While the West focuses on Ahmadinejad and his rhetorical excesses, Supreme Leader Ayatollah Ali Khamene'i remains the real power holder. For the last eighteen years, Khamene'i has preferred low-level confrontation with the West, just enough to keep the revolutionary spirit alive but not enough to risk open hostilities. For now, Khamene'i seems to think that the West, despite its tough rhetoric, will do nothing to stop Ahmadinejad, so there is no cost to letting him push ahead. For all its claims to be an Islamic republic, the regime's policies reflect much more the triumph of anti-Western revolutionary views and determination to retain power over theology.
Herein lays the opportunity. Despite the Iranian leaders' self-confidence, the Islamic Republic is economically vulnerable. Having pegged his reputation to his ability to help the ordinary man, Ahmadinejad faces problems delivering: notwithstanding the influx of hard currency, the Iranian economy is a mess; his policies are counterproductive, and Iranians' expectations are high. The World Bank's 2003 report about Iran noted, "Despite the growth in the 1990s, GDP [gross domestic product] per capita in 2000 is still 30 percent below what it was in the mid-1970s, compared with a near doubling for the rest of the world."
The contrast is glaring between the Iranian economy and the soaring economies of Persian Gulf emirates such as Dubai, Abu Dhabi, Qatar, and Kuwait. Tens of thousands of Iranians living in Dubai tell their compatriots about the quality of life there. Iranians are galled that Arabs—whom they have traditionally considered inferior—thrive while they lag behind.
Rather than harness the oil windfall to close the quality-of-life gap, Ahmadinejad's policies will exacerbate it. He seeks to erect rather than dismantle barriers to trade while he ratchets up domestic production. By creating many problems for Renault, which built a billion-dollar facility in Iran, his government has discouraged new foreign investment. Even if the Islamic Republic were to change its foreign policy direction, its reputation as a high-risk place to do business would remain.

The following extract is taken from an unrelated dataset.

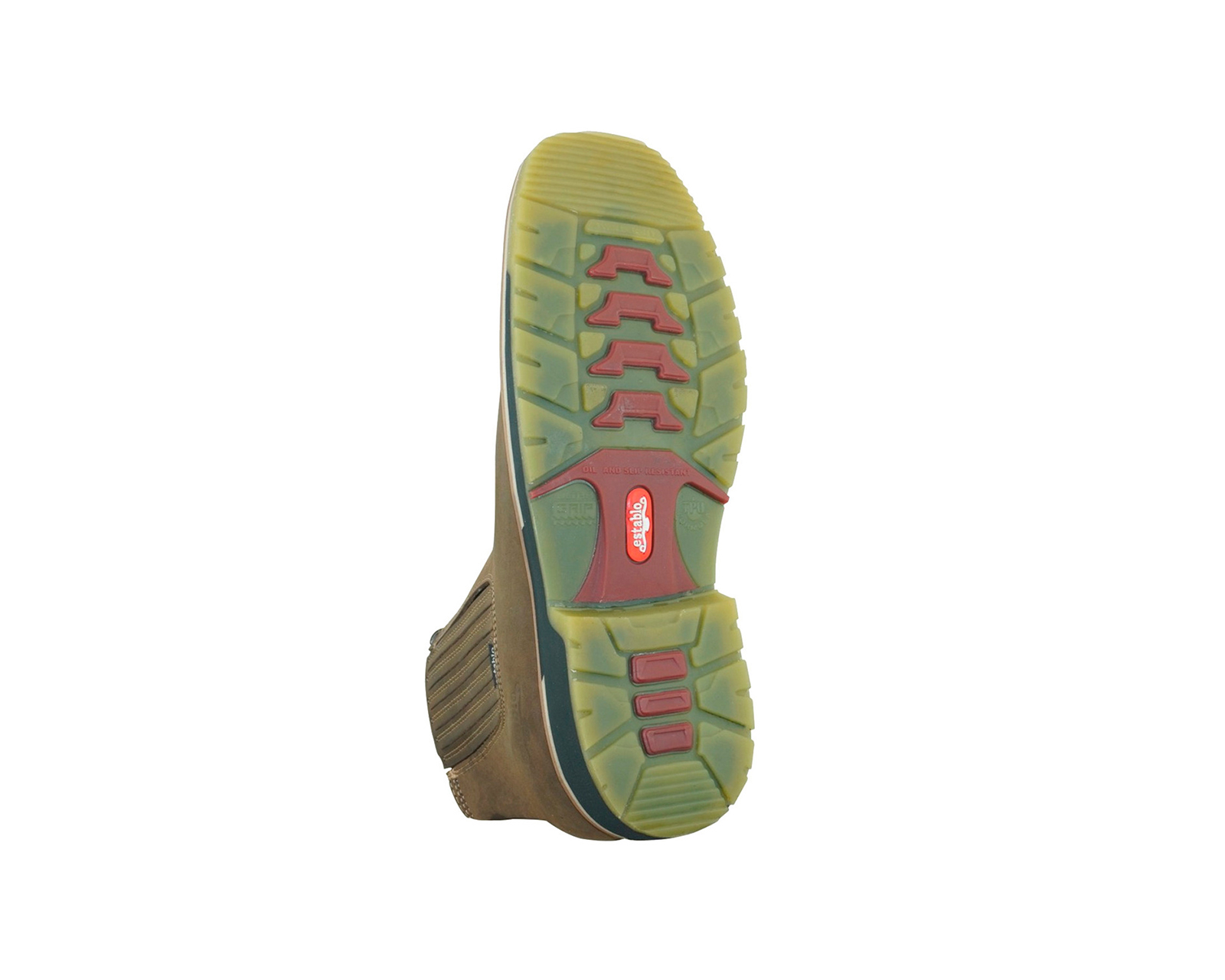 Foto 6 pulgar | Bota Botín Establo Modelo 621 Horma Canadá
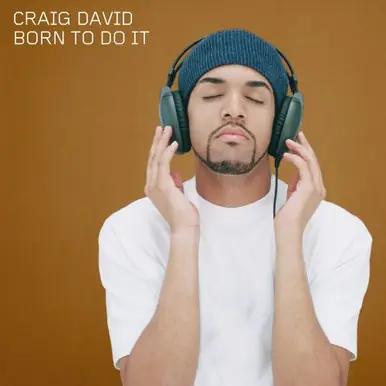 Clearance Craig David Born to Do It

There has been an economic boom inside Iran, but this has been based upon profligate but finite government spending. For the period 2003-07, the International Monetary Fund (IMF) projects that if oil prices remain at their present high level, real GDP will grow 5.9 percent annually on average, while it forecasts that if the oil price declines to $30 per barrel, real GDP can grow at 5 percent annually thereafter. In other words, the oil windfall is expected to result in less than 1 percent more growth per annum. Despite the flood of oil money, government policies are such that the IMF warns the Iranian budget will fall back into deficit within two years even if oil prices remain high.
Iranian government spending has led to several years of growth, but it has barely dented the country's long-term economic problems. While reported unemployment fell last year to an 8-year low of 10.3 percent, job creation remains insufficient to absorb the 700,000 young people entering the job market each year. The IMF forecasts that even if oil prices remain at their present high level, unemployment will increase. In its 2003 report, the usually understated World Bank summed up the "daunting unemployment challenge" with strong words: "Unless the country moves quickly to a faster path of growth with employment, discontent and disenchantment could threaten its economic, social, and political system."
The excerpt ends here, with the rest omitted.